This post talks about my experience of building a small scale ETL with Pandas. It also offers some hands-on tips that may help you build ETLs with Pandas.
Background: Recently, I was tasked with importing multiple data dumps into our database. The data dumps came from different source, e.g., clients, web. We were lucky that all of our dumps were small, with the largest were under 20 GB. Also, the data sources were updated quarterly, or montly at most, so the ETL doesn’t have to be real time, as long as it could re-run.
SQL vs. Pandas
For simple transformations, like one-to-one column mappings, caculating extra columns, SQL is good enough.

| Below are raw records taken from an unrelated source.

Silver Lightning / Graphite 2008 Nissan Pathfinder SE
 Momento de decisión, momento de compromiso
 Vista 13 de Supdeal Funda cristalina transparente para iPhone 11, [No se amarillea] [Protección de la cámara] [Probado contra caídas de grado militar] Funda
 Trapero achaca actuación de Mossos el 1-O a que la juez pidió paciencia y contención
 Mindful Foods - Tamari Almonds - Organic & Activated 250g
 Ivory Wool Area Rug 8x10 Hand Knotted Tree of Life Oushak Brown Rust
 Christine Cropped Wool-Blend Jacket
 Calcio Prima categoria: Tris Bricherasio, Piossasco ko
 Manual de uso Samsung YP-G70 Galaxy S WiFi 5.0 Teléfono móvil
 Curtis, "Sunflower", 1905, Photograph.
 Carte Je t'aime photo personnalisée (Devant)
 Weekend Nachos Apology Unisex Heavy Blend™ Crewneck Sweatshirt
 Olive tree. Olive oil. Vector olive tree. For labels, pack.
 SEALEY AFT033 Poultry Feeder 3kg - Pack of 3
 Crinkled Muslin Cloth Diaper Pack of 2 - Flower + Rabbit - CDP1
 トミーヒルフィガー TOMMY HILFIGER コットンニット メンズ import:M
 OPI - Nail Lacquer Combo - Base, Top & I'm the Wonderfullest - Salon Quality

However, for more complex tasks, e.g., row deduplication, splitting a row into multiple tables, creating new aggregate columns with on custom group-by logic, implementing these in SQL can lead to long queries, which could be hard to read or maintain.
There are discussions about building ETLs with SQL vs. Python/Pandas. The major complaints against Pandas are performance:
Python and Pandas are great for many use cases, but Pandas becomes an issue when the datasets get large because it’s grossly inefficient with RAM.
In our case, since the data dumps are not real-time, and small enough to run locally, simplicity is something we want to optimize for.
Our reasoning goes like this: Since part of our tech stack is built with Python, and we are familiar with the language, using Pandas to write ETLs is just a natural choice besides SQL.
Writing ETL in a high level language like Python means we can use the operative programming styles to manipulate data.
Useful Pandas functions
Most of my ETL code revolve around using the following functions:
df[df['column'] != value]: filtering
apply: transform, or adding new column
merge: SQL like inner, left, or right join
drop_na are nice abstractions and save tens of SQL statements.
fillna is a typical step that to manipulate the data array.
One thing that I need to wrap my head around is filtering. Writing
df[df['column'] != value]
was a bit awkward at first. This has to do with Python and the way it overrides operators like
. I haven’t peeked into Pandas implementation, but I imagine the class structure and the logic needed to implement the
Pandas + Jupyter Notebook
Data processing is often exploratory at first. This is especially true for unfamiliar data dumps. We need to see the shape / columns / count / frequencies of the data, and write our next line of code based on our previous output. So the process is iterative.
One tool that Python / Pandas comes in handy is Jupyter Notebook. It’s like a Python shell, where we write code, execute, and check the output right away. However, it offers a enhanced, modern web UI that makes data exploration more smooth.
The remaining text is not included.